We all agree that the spine needs stabilisation and to be looked after when spine injuries suspected in trauma patients. In Bergen, Norway, we have removed the hard cervical collar from routine placement, only occasionally using it for extrication in unconscious patients where manual stabilisation is difficult or impossible.
So it was fantastic to see the ILCOR group, mostly known for their advice on cardiac emergencies, to come up with definitive advice on handling spinal stabilisation in trauma patients. This is a draft that might get changed down the road, but as it has been published online, we think the main conclusion will stay.
They were seeking to answer the question: “Among adults and children with suspected traumatic cervical spinal injury (P), does spinal motion restriction (I), compared with no spinal motion restriction (C), change neurological injury, complications, overall mortality, pain, patient comfort, movement of the spine, hospital length of stay (O)?”. Their answer was:
“We suggest against spinal motion restriction, defined as the reduction of or limitation of cervical spinal movement, by routine application of a cervical collar or bilateral sandbags (joined with 3-inch-wide cloth tape across the forehead) in comparison to no cervical spine restriction in adults and children with blunt suspected traumatic cervical spinal injury (weak recommendation, very low quality of evidence).
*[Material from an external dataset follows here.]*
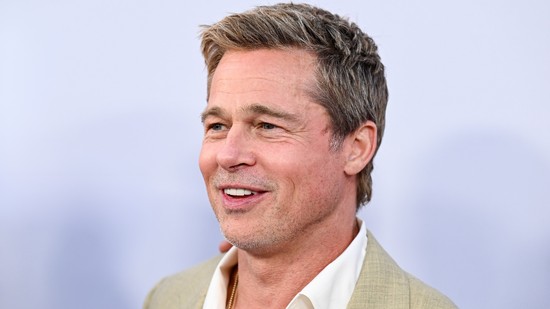 Mi történt Brad Pitt hajával? Új frizurát villantott a sármos színész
Values and preferences statement: Because of proven adverse effects in studies with injured patients, and evidence concerning a decrease in head movement only comes from studies with cadavers or healthy volunteers, benefits do not outweigh harms, and routine application of cervical collars is not recommended.”
Mind blown. We’ve been thinking this for a long time, but we never actually though an “official” body would come out and say it!
Please mind this is based on very low quality “evidence”, but this low quality evidence against the cervical collar seems to be stronger than any “evidence” possible to dig up FOR the cervical collar. Seems ILCOR agrees that the burden of evidence must rest on those who wants to implement a new treatment, as the cervical collar. Will there be proper trials? Ever? Interesting times.